Abstract:The tremendous success of deep learning for imaging applications has resulted in numerous beneficial advances. Unfortunately, this success has also been a catalyst for malicious uses such as photo-realistic face swapping of parties without consent. Transferring one person's face from a source image to a target image of another person, while keeping the image photo-realistic overall has become increasingly easy and automatic, even for individuals without much knowledge of image processing. In this study, we use deep transfer learning for face swapping detection, showing true positive rates >96% with very few false alarms. Distinguished from existing methods that only provide detection accuracy, we also provide uncertainty for each prediction, which is critical for trust in the deployment of such detection systems.

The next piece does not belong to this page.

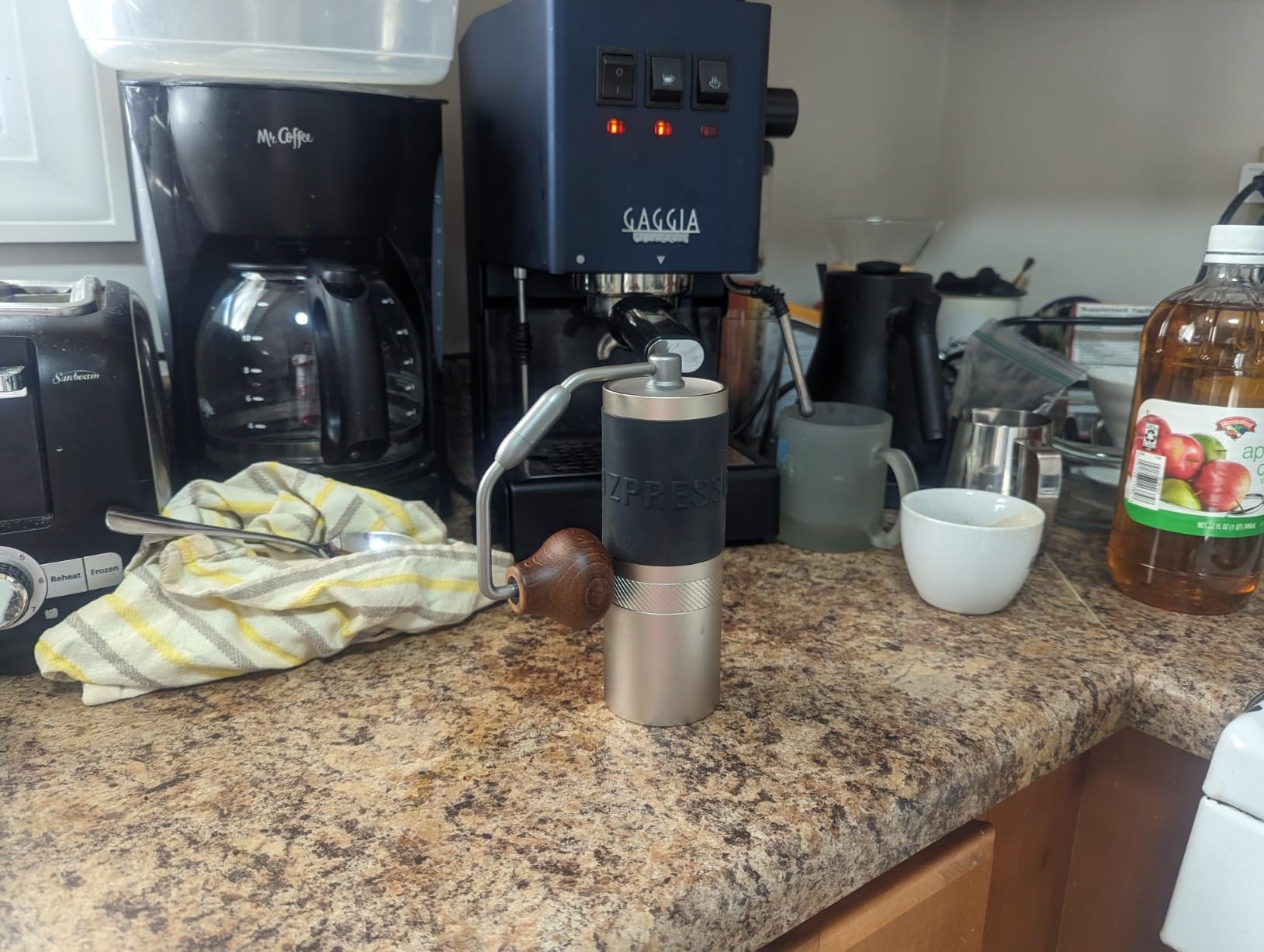 1Zpresso J Manual Coffee Grinder Silver Capacity 35g with Assembly Stainless Steel Conical Burr - Numerical Internal Adjustable Setting Customer Review 1Zpresso J Manual Coffee Grinder Silver Capacity 35g with Assembly Stainless Steel Conical Burr - Numerical Internal Adjustable Setting - Customer Photo 5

Moreover, we provide a comparison to human subjects. To capture human recognition performance, we build a website to collect pairwise comparisons of images from human subjects. Based on these comparisons, images are ranked from most real to most fake. We compare this ranking to the outputs from our automatic model, showing good, but imperfect, correspondence with linear correlations >0.75. Overall, the results show the effectiveness of our method. As part of this study, we create a novel, publicly available dataset that is, to the best of our knowledge, the largest public swapped face dataset created using still images. Our goal of this study is to inspire more research in the field of image forensics through the creation of a public dataset and initial analysis.